Each line below is to be copied exactly; images do not go into the copy.

# Dataset excerpt
============

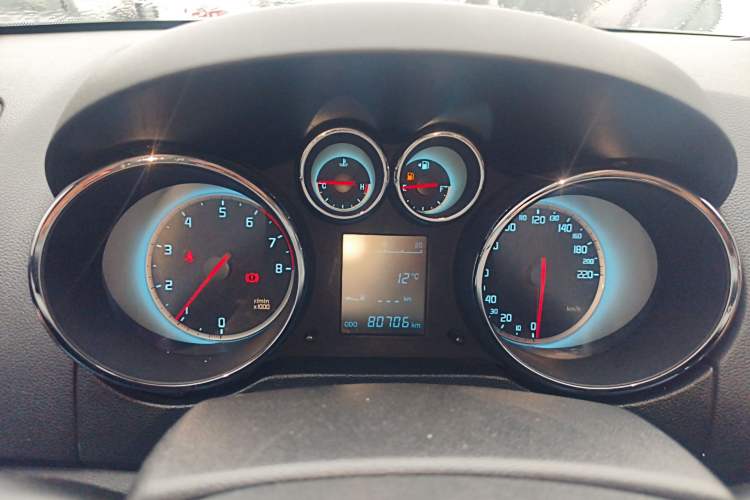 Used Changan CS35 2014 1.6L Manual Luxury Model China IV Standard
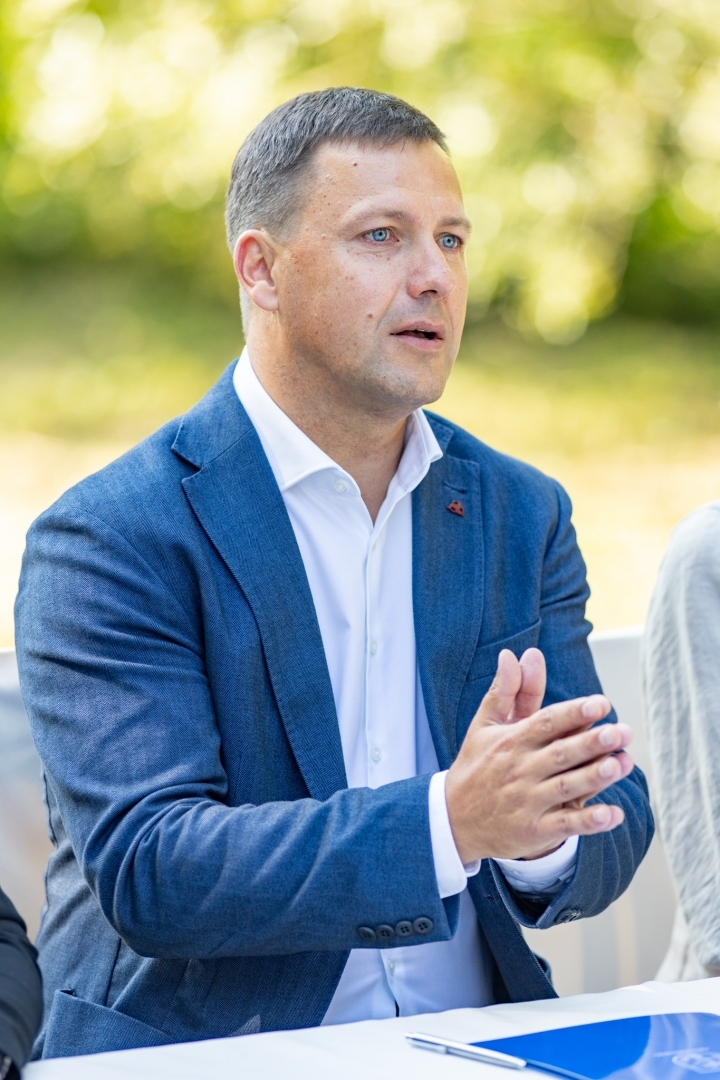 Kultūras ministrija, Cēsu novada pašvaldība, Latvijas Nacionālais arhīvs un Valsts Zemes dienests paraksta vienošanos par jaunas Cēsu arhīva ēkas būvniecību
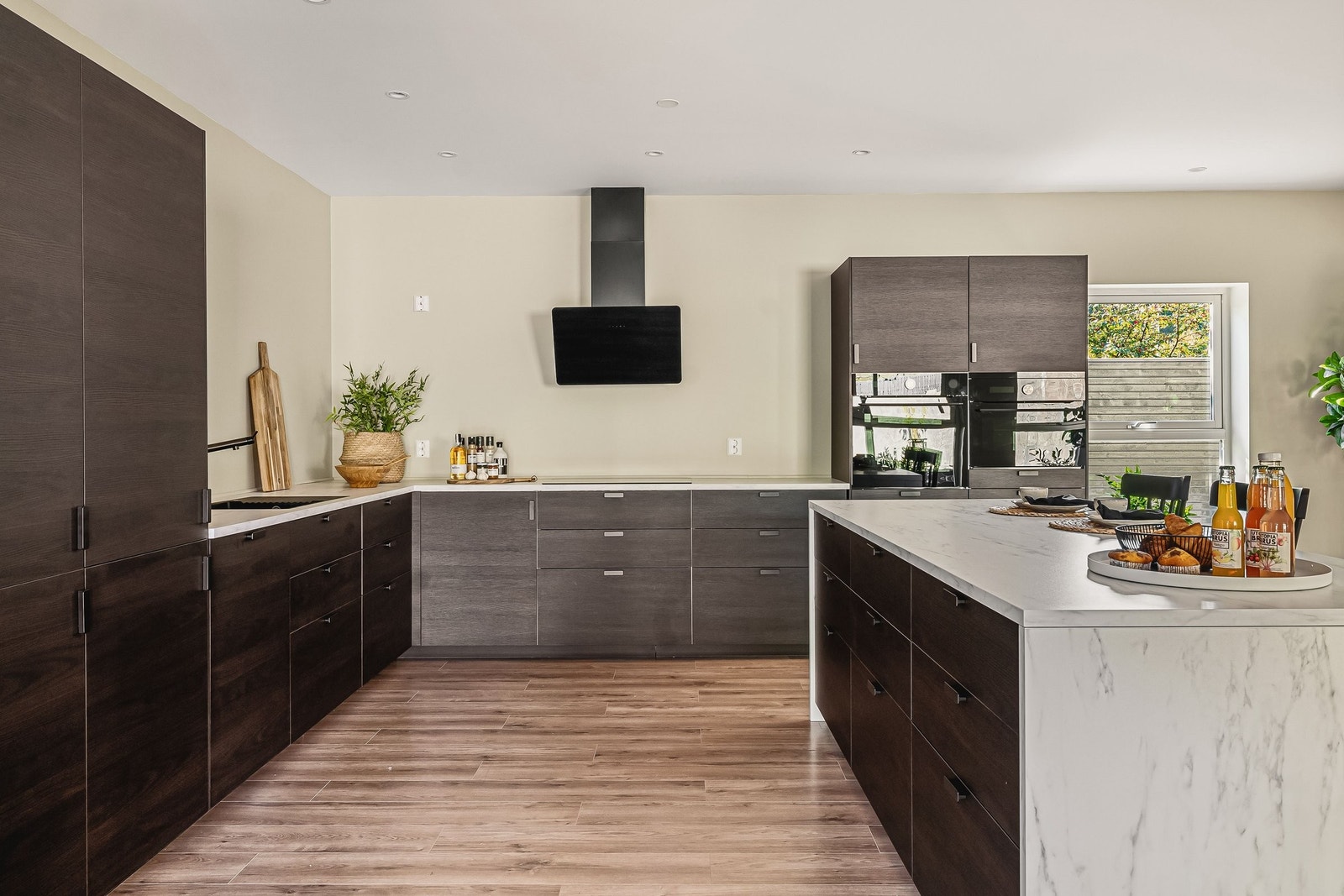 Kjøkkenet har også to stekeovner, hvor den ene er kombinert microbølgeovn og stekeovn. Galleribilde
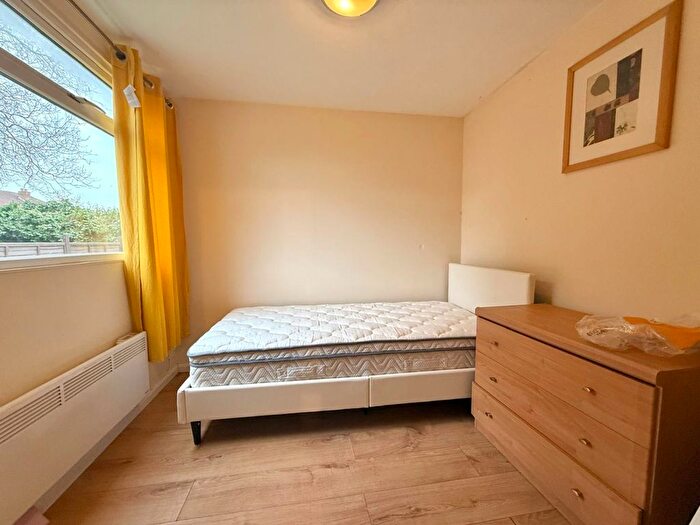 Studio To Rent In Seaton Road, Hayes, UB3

============

# Task answer
 Used Changan CS35 2014 1.6L Manual Luxury Model China IV Standard
 Kultūras ministrija, Cēsu novada pašvaldība, Latvijas Nacionālais arhīvs un Valsts Zemes dienests paraksta vienošanos par jaunas Cēsu arhīva ēkas būvniecību
 Kjøkkenet har også to stekeovner, hvor den ene er kombinert microbølgeovn og stekeovn. Galleribilde
 Studio To Rent In Seaton Road, Hayes, UB3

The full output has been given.